Tu banner alternativo

Audio-visual speech recognition

In today's world, Audio-visual speech recognition is a topic that has gained great relevance and interest among the population. For several years, Audio-visual speech recognition has been the subject of debates and discussions in different areas, generating conflicting opinions and deep reflections. This trend has aroused the interest of academics, experts, activists and citizens in general, who seek to understand and analyze the different aspects related to Audio-visual speech recognition. In this article, we will thoroughly explore this topic that is so relevant in today's society, addressing its origins, evolution, impact and possible solutions.

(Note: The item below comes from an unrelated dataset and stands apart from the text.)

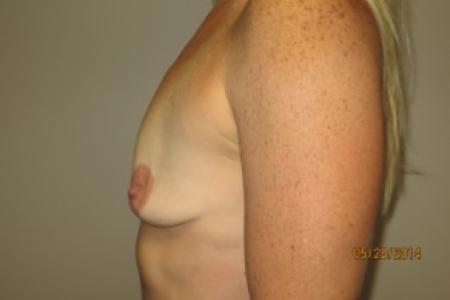 Before image 3 Case #82416 - 40 Female Breast Lift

Join us on this tour of Audio-visual speech recognition and discover the importance it has in our daily lives.

Tu banner alternativo

Audio visual speech recognition (AVSR) is a technique that uses image processing capabilities in lip reading to aid speech recognition systems in recognizing indeterministic phones or giving preponderance among near probability decisions.

Each system of lip reading and speech recognition works separately, then their results are mixed at the stage of feature fusion. As the name suggests, it has two parts. First one is the audio part and second one is the visual part. In audio part we use features like log mel spectrogram, mfcc etc. from the raw audio samples and we build a model to get feature vector out of it . For visual part generally we use some variant of convolutional neural network to compress the image to a feature vector after that we concatenate these two vectors (audio and visual ) and try to predict the target object.